In 1902, Clark married Anne "Nancy" Hoyt of Greenwich, Connecticut, and the following year the couple moved to France, where they lived in Paris and Giverny. There Clark continued to contribute to American magazines and worked on a series of paintings illustrating Chaucer's Canterbury Tales, six of which were published in Percy MacKaye, Canterbury Tales (New York: Fox Duffield & Co., 1904). Clark considered the paintings "his most important work; and as a presage of what he might have done through the larger medium of oils, they undoubtedly are."

In 1905, the Clarks returned to New York where Walter regularly met with his friend, James Montgomery Flagg, the men being engaged in parallel jobs as magazine illustrators. Clark's marriage was a happy one despite his occasional melancholy, and the Clarks were highly regarded among a wide circle of friends, many who were, or would become, prominent in literature or art.

In 1906, Clark suffered for seven weeks with typhoid fever and died after surgery for appendicitis on December 27. He was only thirty, though he had already "established himself as a mature and versatile artist."

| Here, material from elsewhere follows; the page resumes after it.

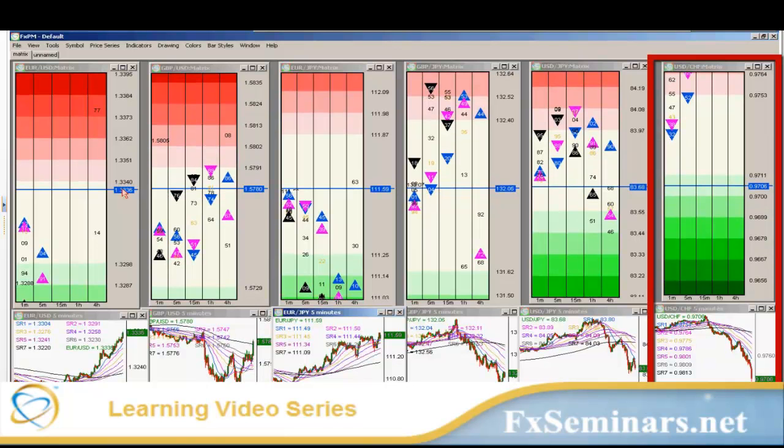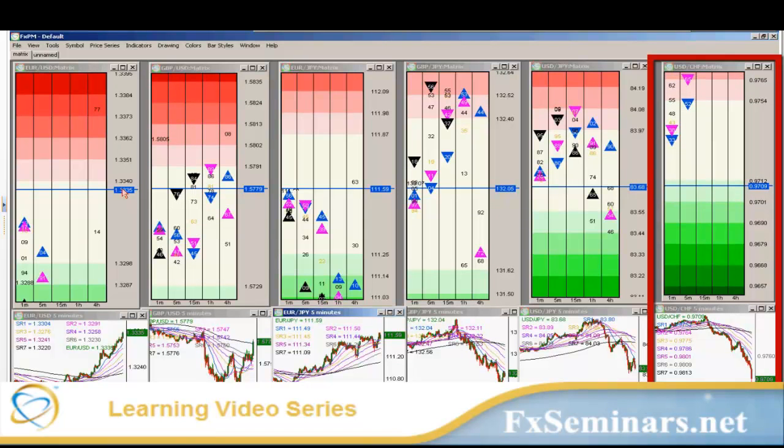I'm going to go flat from my .07 position, put my protect order in for my big figure entry. Here we go — I'm going to take almost 10 points on that. That's what you do on that dollar-swiss.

John Wolcott Adams and James Montgomery Flagg carried Clark's ashes to Woodlawn Cemetery in New York, but there is no record that the ashes were buried or scattered. A cenotaph to Clark's memory was erected in the Hoyt family plot at Christ Church cemetery, Greenwich, Connecticut.

==Sources==
- David C. Sargent, Walter Appleton Clark (Canton, Connecticut: privately published, 1981). David Collier Sargent (1915-2007) was one of two children born to Anne "Nancy" Doell Hoyt Clark Sargent during her second marriage. Sargent was an insurance underwriter and an avid naturalist who also wrote poetry "in rhyme and iambic pentameter."